*** Opening of Collected material ***
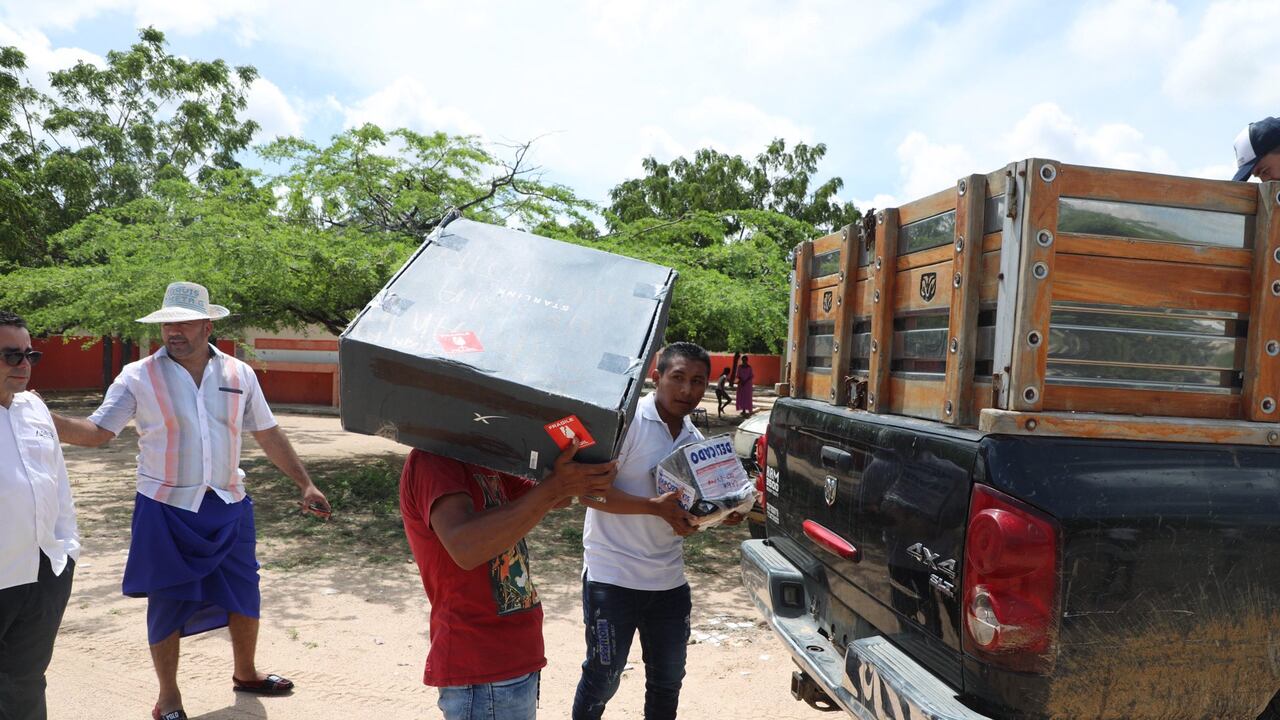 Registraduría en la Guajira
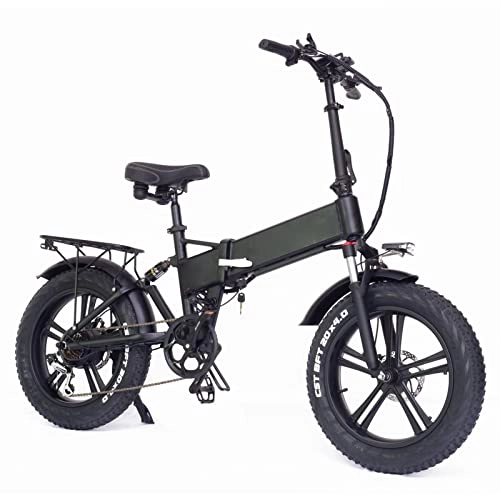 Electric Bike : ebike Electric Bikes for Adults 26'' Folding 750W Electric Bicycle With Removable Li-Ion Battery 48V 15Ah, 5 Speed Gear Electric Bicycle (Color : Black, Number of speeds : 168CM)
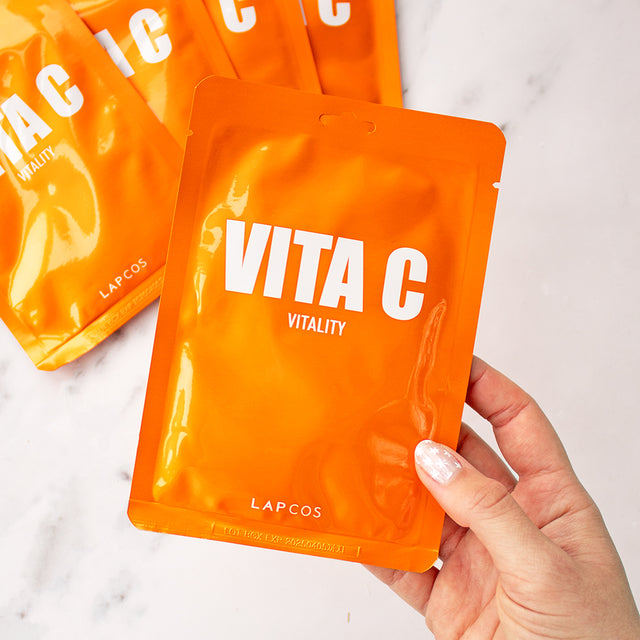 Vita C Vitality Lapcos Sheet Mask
*** Close of Collected material ***
## Assignment
Except for the pictures, please retype the listing above exactly.

## Solution to this task
 Registraduría en la Guajira
 Electric Bike : ebike Electric Bikes for Adults 26'' Folding 750W Electric Bicycle With Removable Li-Ion Battery 48V 15Ah, 5 Speed Gear Electric Bicycle (Color : Black, Number of speeds : 168CM)
 Vita C Vitality Lapcos Sheet Mask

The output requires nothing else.